News/Research

Revisited: "Sex, Lies, and Data Mining"

10 Nov, 2016

Revisited: "Sex, Lies, and Data Mining"

BCNM was pleased to host artist Luke DuBois at the Jacobs Institute for Design Innovation November 10th, 2016 to discuss "Sex, Lies, and Data Mining." Luke charted his artistic trajectory, from co-authoring Jitter, a software suite for the real-time manipulation of matrix data developed by San Francisco-based software company Cycling'74, to his latest projects in hard data visualization. Luke explained how he first worked with synthesizers and created visualizations based on audio. He then began playing with "time-lapse sonography," which collapsed classical composition, removing rhythms and melodies to reveal new harmonies. He applied this technique later to larger swaths of music, film and images, collapsing the history of American music, for instance, into 37 minutes (the 1970s is unsurprisingly in the F key!). This allowed Luke to uncover some of the formal aspects of the media he used -- main characters in modern films, for example, are always in motion, meaning that they are erased from their own films when these artifacts are compressed. By creating a computational canon, Luke explores how our culture is outside of our control. Luke also began working in text based art, creating "Vision" tests for each of the Presidents based on their state of the union speeches. He applied this text analysis also to dating profiles to learn more about the average man and woman, drilling down to the zipcode level to investigate who we are, want to be, and would like.

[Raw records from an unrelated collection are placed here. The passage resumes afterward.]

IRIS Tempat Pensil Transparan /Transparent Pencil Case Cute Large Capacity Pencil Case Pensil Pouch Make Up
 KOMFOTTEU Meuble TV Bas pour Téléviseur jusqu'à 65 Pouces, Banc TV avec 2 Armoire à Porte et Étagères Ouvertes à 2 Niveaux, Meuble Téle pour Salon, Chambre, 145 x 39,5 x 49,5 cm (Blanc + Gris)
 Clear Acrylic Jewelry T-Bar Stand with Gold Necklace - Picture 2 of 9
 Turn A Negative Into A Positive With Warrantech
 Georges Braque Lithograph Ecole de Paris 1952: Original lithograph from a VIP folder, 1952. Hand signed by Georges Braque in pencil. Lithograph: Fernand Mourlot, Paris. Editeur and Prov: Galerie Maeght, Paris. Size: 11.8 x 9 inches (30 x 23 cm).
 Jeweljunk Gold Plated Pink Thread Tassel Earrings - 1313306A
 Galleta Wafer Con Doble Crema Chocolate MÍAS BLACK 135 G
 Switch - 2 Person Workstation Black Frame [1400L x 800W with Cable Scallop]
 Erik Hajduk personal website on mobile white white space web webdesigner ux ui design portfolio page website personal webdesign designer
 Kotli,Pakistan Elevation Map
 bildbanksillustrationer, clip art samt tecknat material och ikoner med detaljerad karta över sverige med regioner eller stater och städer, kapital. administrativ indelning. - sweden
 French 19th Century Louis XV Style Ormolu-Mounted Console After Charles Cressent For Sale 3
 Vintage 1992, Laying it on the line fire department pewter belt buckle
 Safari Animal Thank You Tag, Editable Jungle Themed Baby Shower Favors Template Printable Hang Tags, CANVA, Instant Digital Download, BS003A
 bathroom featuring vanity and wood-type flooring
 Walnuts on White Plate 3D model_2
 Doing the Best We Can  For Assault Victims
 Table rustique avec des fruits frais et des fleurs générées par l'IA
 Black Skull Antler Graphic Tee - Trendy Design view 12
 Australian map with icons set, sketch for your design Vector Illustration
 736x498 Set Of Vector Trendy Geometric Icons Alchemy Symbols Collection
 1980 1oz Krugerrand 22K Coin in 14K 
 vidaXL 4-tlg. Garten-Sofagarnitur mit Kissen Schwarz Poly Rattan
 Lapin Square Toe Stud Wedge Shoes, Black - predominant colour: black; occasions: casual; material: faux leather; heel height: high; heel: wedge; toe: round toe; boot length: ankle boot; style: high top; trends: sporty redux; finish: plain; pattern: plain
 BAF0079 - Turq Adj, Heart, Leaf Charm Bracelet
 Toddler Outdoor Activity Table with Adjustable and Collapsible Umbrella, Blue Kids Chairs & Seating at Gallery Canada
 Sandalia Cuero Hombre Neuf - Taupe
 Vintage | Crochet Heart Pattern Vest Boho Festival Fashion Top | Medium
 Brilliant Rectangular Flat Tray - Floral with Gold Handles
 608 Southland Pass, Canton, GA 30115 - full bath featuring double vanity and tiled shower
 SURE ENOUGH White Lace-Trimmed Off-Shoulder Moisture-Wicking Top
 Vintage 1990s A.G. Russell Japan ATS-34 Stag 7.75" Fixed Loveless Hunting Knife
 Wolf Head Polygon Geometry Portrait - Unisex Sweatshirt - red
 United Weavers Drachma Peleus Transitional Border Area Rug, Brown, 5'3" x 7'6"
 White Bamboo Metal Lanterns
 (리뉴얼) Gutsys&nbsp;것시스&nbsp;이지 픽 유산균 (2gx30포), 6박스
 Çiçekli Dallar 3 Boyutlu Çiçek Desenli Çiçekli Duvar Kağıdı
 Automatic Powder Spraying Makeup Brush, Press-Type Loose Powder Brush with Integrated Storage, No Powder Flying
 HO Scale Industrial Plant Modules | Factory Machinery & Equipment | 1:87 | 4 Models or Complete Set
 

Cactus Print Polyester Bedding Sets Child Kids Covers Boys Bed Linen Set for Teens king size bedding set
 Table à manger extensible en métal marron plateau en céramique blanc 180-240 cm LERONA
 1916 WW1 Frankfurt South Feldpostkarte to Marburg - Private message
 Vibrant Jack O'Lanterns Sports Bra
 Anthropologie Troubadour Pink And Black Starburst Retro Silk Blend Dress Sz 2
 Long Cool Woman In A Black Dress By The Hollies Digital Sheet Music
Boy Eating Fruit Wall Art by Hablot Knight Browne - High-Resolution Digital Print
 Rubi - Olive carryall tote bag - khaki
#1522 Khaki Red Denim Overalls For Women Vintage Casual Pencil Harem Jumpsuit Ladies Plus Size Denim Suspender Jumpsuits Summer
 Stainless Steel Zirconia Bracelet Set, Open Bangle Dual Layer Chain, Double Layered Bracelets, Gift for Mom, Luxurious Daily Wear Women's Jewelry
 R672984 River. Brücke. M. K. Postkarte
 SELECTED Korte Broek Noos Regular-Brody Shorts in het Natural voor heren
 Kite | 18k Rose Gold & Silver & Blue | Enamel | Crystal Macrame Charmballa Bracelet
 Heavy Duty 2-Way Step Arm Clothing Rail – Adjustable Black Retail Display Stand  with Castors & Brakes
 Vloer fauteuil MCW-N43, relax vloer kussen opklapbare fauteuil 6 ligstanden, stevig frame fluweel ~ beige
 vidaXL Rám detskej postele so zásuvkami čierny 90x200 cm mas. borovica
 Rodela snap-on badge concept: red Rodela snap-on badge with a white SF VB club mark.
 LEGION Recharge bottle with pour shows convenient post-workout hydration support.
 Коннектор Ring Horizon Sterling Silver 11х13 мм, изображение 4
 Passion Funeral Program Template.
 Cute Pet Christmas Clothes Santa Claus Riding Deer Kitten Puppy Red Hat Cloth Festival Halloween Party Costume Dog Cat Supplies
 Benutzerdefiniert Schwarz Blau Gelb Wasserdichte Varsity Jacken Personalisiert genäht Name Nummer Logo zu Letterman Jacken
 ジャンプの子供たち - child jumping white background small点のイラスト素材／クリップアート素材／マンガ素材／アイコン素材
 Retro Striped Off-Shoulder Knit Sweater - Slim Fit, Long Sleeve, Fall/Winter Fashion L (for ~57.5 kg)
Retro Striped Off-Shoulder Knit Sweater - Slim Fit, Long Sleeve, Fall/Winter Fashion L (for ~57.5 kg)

Luke ended with the most powerful of his works, an illustration of why data visualization fails. In New Orleans, he bought a gun used in a murder and placed it in a gallery filled with blanks. Each time a gun was shot in the city, the gallery gun fired, filling the vitrine with cartridges. Patrons of the gallery would feel disappointed when the gun did not fire when they visited, even though they were aware what the shot meant. In this way, Luke pointed out how graphs and figures fail, how data can hurt. All of his works evidence his larger goal of pushing against cultural homogeny through peacemaking.

It was a pleasure hosting Luke! If you want to see more of his work, visit the Minnesota Street Project, which is currently exhibiting his art in fifteen year anniversary showcase of Bitforms.